ABOUT THIS EXERCISE ::
Would you print each of the entries below precisely as given?

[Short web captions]
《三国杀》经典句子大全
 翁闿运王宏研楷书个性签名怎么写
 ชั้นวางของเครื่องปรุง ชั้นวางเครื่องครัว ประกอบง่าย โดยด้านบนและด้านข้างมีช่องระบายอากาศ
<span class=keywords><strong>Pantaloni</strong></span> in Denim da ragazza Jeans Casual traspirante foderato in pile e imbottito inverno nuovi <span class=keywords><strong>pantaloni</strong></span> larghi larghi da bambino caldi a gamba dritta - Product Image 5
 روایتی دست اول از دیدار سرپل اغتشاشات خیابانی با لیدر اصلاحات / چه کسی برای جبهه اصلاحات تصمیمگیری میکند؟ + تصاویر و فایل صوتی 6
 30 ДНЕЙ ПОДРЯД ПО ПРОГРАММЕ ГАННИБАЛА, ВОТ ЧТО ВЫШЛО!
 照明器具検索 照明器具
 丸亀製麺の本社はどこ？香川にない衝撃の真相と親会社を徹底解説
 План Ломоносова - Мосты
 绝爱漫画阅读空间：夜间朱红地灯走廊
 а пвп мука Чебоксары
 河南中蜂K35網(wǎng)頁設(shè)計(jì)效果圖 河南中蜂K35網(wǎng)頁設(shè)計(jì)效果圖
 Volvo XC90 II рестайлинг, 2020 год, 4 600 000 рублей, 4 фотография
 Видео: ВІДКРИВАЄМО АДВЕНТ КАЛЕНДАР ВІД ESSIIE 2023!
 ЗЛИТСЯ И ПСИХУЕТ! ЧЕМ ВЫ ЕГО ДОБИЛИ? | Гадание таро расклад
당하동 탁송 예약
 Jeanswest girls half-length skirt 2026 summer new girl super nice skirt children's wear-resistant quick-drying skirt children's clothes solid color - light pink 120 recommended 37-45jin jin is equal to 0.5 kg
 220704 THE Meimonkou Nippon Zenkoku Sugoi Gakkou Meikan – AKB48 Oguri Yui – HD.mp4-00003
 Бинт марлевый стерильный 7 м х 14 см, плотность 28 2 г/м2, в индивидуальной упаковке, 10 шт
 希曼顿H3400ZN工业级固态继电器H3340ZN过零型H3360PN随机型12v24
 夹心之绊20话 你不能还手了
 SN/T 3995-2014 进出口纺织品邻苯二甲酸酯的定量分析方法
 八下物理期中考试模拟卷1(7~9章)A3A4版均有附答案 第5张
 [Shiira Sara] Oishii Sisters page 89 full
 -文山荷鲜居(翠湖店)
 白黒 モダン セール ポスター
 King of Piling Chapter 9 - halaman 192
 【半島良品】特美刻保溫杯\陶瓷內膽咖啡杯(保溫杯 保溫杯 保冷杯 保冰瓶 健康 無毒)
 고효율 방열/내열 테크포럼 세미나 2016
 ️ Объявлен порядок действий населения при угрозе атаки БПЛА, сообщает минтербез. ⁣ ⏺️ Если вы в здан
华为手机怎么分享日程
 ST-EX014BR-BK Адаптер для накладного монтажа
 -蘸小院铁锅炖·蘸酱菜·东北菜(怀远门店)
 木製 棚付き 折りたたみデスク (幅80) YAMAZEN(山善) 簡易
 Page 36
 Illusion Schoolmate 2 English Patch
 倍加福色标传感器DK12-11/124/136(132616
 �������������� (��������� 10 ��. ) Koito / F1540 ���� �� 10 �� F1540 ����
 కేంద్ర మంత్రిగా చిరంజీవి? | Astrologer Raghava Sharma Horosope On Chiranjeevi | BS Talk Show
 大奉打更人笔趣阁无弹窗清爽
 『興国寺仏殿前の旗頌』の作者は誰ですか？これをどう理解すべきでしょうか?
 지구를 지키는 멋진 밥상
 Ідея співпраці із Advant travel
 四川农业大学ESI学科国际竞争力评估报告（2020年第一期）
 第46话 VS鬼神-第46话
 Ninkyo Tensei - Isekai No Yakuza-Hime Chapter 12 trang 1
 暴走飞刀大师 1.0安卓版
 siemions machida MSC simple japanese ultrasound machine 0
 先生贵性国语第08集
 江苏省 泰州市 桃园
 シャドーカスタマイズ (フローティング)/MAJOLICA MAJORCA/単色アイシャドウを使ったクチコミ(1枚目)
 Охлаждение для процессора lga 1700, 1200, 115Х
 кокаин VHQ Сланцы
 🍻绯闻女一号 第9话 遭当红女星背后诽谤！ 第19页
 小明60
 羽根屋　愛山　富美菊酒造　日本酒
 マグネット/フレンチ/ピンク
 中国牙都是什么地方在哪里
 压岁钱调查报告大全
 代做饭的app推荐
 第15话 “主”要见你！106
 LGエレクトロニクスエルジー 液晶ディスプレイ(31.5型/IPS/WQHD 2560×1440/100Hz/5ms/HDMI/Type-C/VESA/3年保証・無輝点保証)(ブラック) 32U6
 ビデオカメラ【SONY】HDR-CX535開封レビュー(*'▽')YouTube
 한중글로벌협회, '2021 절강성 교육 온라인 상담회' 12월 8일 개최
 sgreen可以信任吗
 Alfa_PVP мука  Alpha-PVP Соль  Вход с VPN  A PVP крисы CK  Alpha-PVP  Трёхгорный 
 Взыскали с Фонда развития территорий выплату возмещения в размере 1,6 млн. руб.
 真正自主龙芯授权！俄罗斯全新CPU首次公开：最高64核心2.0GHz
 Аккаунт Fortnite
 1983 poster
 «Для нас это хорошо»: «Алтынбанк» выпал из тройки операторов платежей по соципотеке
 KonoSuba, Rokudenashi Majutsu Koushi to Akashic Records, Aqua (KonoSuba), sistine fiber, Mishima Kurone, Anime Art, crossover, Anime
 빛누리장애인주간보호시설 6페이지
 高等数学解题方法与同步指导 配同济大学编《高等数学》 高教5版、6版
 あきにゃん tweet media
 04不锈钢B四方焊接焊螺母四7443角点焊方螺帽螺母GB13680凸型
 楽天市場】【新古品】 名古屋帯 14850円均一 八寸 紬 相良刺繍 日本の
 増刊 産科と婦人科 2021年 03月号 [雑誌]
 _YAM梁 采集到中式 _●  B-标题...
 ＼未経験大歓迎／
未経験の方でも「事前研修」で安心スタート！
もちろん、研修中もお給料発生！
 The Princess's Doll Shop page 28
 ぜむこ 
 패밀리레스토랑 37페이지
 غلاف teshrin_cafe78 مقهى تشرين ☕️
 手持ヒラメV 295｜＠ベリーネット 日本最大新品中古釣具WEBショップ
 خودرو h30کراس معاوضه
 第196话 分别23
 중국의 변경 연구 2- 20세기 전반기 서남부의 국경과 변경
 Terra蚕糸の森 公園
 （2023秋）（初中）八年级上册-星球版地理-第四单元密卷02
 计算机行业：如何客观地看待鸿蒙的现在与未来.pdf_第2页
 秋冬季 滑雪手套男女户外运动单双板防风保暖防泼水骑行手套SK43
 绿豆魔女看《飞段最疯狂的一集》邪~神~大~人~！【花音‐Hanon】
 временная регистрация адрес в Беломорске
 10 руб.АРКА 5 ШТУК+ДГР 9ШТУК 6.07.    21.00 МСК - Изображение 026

SOLUTION TO THIS TASK ::
《三国杀》经典句子大全
 翁闿运王宏研楷书个性签名怎么写
 ชั้นวางของเครื่องปรุง ชั้นวางเครื่องครัว ประกอบง่าย โดยด้านบนและด้านข้างมีช่องระบายอากาศ
<span class=keywords><strong>Pantaloni</strong></span> in Denim da ragazza Jeans Casual traspirante foderato in pile e imbottito inverno nuovi <span class=keywords><strong>pantaloni</strong></span> larghi larghi da bambino caldi a gamba dritta - Product Image 5
 روایتی دست اول از دیدار سرپل اغتشاشات خیابانی با لیدر اصلاحات / چه کسی برای جبهه اصلاحات تصمیمگیری میکند؟ + تصاویر و فایل صوتی 6
 30 ДНЕЙ ПОДРЯД ПО ПРОГРАММЕ ГАННИБАЛА, ВОТ ЧТО ВЫШЛО!
 照明器具検索 照明器具
 丸亀製麺の本社はどこ？香川にない衝撃の真相と親会社を徹底解説
 План Ломоносова - Мосты
 绝爱漫画阅读空间：夜间朱红地灯走廊
 а пвп мука Чебоксары
 河南中蜂K35網(wǎng)頁設(shè)計(jì)效果圖 河南中蜂K35網(wǎng)頁設(shè)計(jì)效果圖
 Volvo XC90 II рестайлинг, 2020 год, 4 600 000 рублей, 4 фотография
 Видео: ВІДКРИВАЄМО АДВЕНТ КАЛЕНДАР ВІД ESSIIE 2023!
 ЗЛИТСЯ И ПСИХУЕТ! ЧЕМ ВЫ ЕГО ДОБИЛИ? | Гадание таро расклад
당하동 탁송 예약
 Jeanswest girls half-length skirt 2026 summer new girl super nice skirt children's wear-resistant quick-drying skirt children's clothes solid color - light pink 120 recommended 37-45jin jin is equal to 0.5 kg
 220704 THE Meimonkou Nippon Zenkoku Sugoi Gakkou Meikan – AKB48 Oguri Yui – HD.mp4-00003
 Бинт марлевый стерильный 7 м х 14 см, плотность 28 2 г/м2, в индивидуальной упаковке, 10 шт
 希曼顿H3400ZN工业级固态继电器H3340ZN过零型H3360PN随机型12v24
 夹心之绊20话 你不能还手了
 SN/T 3995-2014 进出口纺织品邻苯二甲酸酯的定量分析方法
 八下物理期中考试模拟卷1(7~9章)A3A4版均有附答案 第5张
 [Shiira Sara] Oishii Sisters page 89 full
 -文山荷鲜居(翠湖店)
 白黒 モダン セール ポスター
 King of Piling Chapter 9 - halaman 192
 【半島良品】特美刻保溫杯\陶瓷內膽咖啡杯(保溫杯 保溫杯 保冷杯 保冰瓶 健康 無毒)
 고효율 방열/내열 테크포럼 세미나 2016
 ️ Объявлен порядок действий населения при угрозе атаки БПЛА, сообщает минтербез. ⁣ ⏺️ Если вы в здан
华为手机怎么分享日程
 ST-EX014BR-BK Адаптер для накладного монтажа
 -蘸小院铁锅炖·蘸酱菜·东北菜(怀远门店)
 木製 棚付き 折りたたみデスク (幅80) YAMAZEN(山善) 簡易
 Page 36
 Illusion Schoolmate 2 English Patch
 倍加福色标传感器DK12-11/124/136(132616
 �������������� (��������� 10 ��. ) Koito / F1540 ���� �� 10 �� F1540 ����
 కేంద్ర మంత్రిగా చిరంజీవి? | Astrologer Raghava Sharma Horosope On Chiranjeevi | BS Talk Show
 大奉打更人笔趣阁无弹窗清爽
 『興国寺仏殿前の旗頌』の作者は誰ですか？これをどう理解すべきでしょうか?
 지구를 지키는 멋진 밥상
 Ідея співпраці із Advant travel
 四川农业大学ESI学科国际竞争力评估报告（2020年第一期）
 第46话 VS鬼神-第46话
 Ninkyo Tensei - Isekai No Yakuza-Hime Chapter 12 trang 1
 暴走飞刀大师 1.0安卓版
 siemions machida MSC simple japanese ultrasound machine 0
 先生贵性国语第08集
 江苏省 泰州市 桃园
 シャドーカスタマイズ (フローティング)/MAJOLICA MAJORCA/単色アイシャドウを使ったクチコミ(1枚目)
 Охлаждение для процессора lga 1700, 1200, 115Х
 кокаин VHQ Сланцы
 🍻绯闻女一号 第9话 遭当红女星背后诽谤！ 第19页
 小明60
 羽根屋　愛山　富美菊酒造　日本酒
 マグネット/フレンチ/ピンク
 中国牙都是什么地方在哪里
 压岁钱调查报告大全
 代做饭的app推荐
 第15话 “主”要见你！106
 LGエレクトロニクスエルジー 液晶ディスプレイ(31.5型/IPS/WQHD 2560×1440/100Hz/5ms/HDMI/Type-C/VESA/3年保証・無輝点保証)(ブラック) 32U6
 ビデオカメラ【SONY】HDR-CX535開封レビュー(*'▽')YouTube
 한중글로벌협회, '2021 절강성 교육 온라인 상담회' 12월 8일 개최
 sgreen可以信任吗
 Alfa_PVP мука  Alpha-PVP Соль  Вход с VPN  A PVP крисы CK  Alpha-PVP  Трёхгорный 
 Взыскали с Фонда развития территорий выплату возмещения в размере 1,6 млн. руб.
 真正自主龙芯授权！俄罗斯全新CPU首次公开：最高64核心2.0GHz
 Аккаунт Fortnite
 1983 poster
 «Для нас это хорошо»: «Алтынбанк» выпал из тройки операторов платежей по соципотеке
 KonoSuba, Rokudenashi Majutsu Koushi to Akashic Records, Aqua (KonoSuba), sistine fiber, Mishima Kurone, Anime Art, crossover, Anime
 빛누리장애인주간보호시설 6페이지
 高等数学解题方法与同步指导 配同济大学编《高等数学》 高教5版、6版
 あきにゃん tweet media
 04不锈钢B四方焊接焊螺母四7443角点焊方螺帽螺母GB13680凸型
 楽天市場】【新古品】 名古屋帯 14850円均一 八寸 紬 相良刺繍 日本の
 増刊 産科と婦人科 2021年 03月号 [雑誌]
 _YAM梁 采集到中式 _●  B-标题...
 ＼未経験大歓迎／
未経験の方でも「事前研修」で安心スタート！
もちろん、研修中もお給料発生！
 The Princess's Doll Shop page 28
 ぜむこ 
 패밀리레스토랑 37페이지
 غلاف teshrin_cafe78 مقهى تشرين ☕️
 手持ヒラメV 295｜＠ベリーネット 日本最大新品中古釣具WEBショップ
 خودرو h30کراس معاوضه
 第196话 分别23
 중국의 변경 연구 2- 20세기 전반기 서남부의 국경과 변경
 Terra蚕糸の森 公園
 （2023秋）（初中）八年级上册-星球版地理-第四单元密卷02
 计算机行业：如何客观地看待鸿蒙的现在与未来.pdf_第2页
 秋冬季 滑雪手套男女户外运动单双板防风保暖防泼水骑行手套SK43
 绿豆魔女看《飞段最疯狂的一集》邪~神~大~人~！【花音‐Hanon】
 временная регистрация адрес в Беломорске
 10 руб.АРКА 5 ШТУК+ДГР 9ШТУК 6.07.    21.00 МСК - Изображение 026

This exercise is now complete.